Friday, February 2, 2018

David Brooks versus Jordan Peterson (1)

A week or so ago now, David Brooks confronted "The Jordan Peterson Moment". [NB: That's a New York Times link.] That headline tells you a lot. The person who writes a story is typically not around when a headline is written so, although it is conceivable that Brooks gets headline approval, we shouldn't hold him responsible for this headline. That said, it reflects something we find in the column. For Brooks and his audience, Jordan Peterson is a weird and unexpected thing, something foreign and threatening.

Brooks' discomfort is evident right from the opening line. He acknowledges a claim made by Tyler Cowen that Peterson "is the most influential public intellectual in the Western world right now." The thing you need to know to grasp what is happening here is that Brooks would love to be a public intellectual but is not. He got close with his first book but he is mostly a newspaper columnist. His books are well-received and reviewed inside a certain narrow social sphere but he will never reach the audience Peterson is reaching. Another way of putting this would be to say that Brooks is an establishment figure. No other kind gets to write for the New York Times.

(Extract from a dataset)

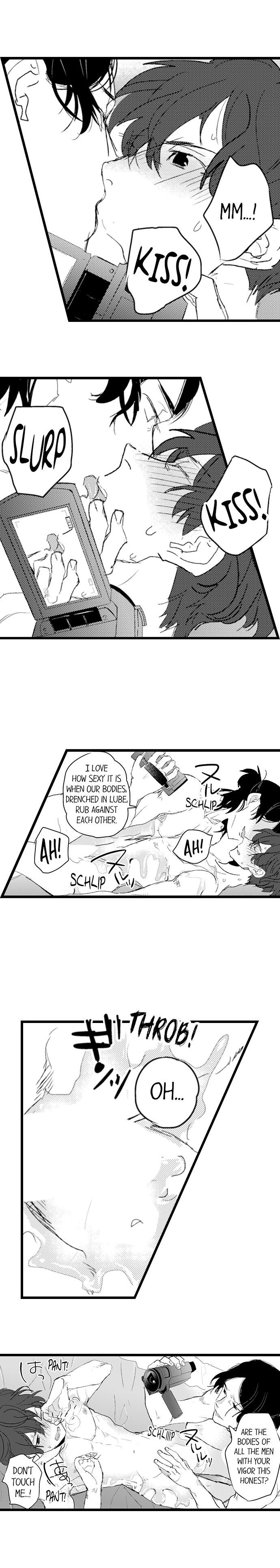 Read Stud Man’s Dry Orgasm chapter 5 image 6 on Lezhin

As an establishment figure, Brooks spends a lot of time papering over the cracks in conventional thinking. This column is interesting because he is confronted with the biggest crack, the San Andreas fault that underlies modern progressive thought that all good progressives try not to think about in the hopes that it won't cause any problems in their lifetimes at least. It can be stated this way: every liberal society in the world has decidedly non-liberal foundations. You can make an authoritarian society into a liberal one but what you can't do is take a situation where no society exists and make a liberal society out of chaos. Brooks wants to deny that. He wants to believe that you can start out with love.
Much of Peterson’s advice sounds to me like vague exhortatory banality. Like Hobbes and Nietzsche before him, he seems to imagine an overly brutalistic universe, nearly without benevolence, beauty, attachment and love. His recipe for self-improvement is solitary, nonrelational, unemotional. I’d say the lives of young men can be improved more through loving attachment than through Peterson’s joyless and graceless calls to self-sacrifice.
 Brooks admits more than he realizes when he writes "sounds to me". He is admitting that he can't prove his side of the argument. Ultimately, progressivism rests on something like religious faith.

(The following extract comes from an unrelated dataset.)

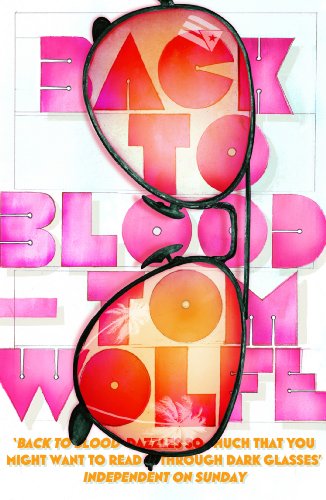 Stock image for Back to Blood for sale by WorldofBooks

If you grew up in the west, you might share that faith. Alternatively, you may think as Peterson does. Want to find out what you really believe? Open your eyes and look around, do you see a universe full of  "benevolence, beauty, attachment and love"? I'm sure you see some of that, especially if you live in the west. But do you think that is the natural state of things or do you think it's something that was created at the cost of sacrifice and self-denial? Those aren't rhetorical questions.

They aren't rhetorical because I know that some readers, perhaps most, are going to want to answer that order is the natural state of things. Others, like me, are going to want to answer that chaos is. That isn't just Brooks fundamental dispute with Peterson, it's a fundamental question that has driven western political thought since at least Thomas Hobbes.

All I'll say for now is that it's a lot easier to believe that the world is full of benevolence, beauty and love from inside a functioning liberal society. Go outside and watch a little animal predation—watch an eagle kill and eat a really cute puppy, for example—and your confidence will be shaken. I would say rightly shaken.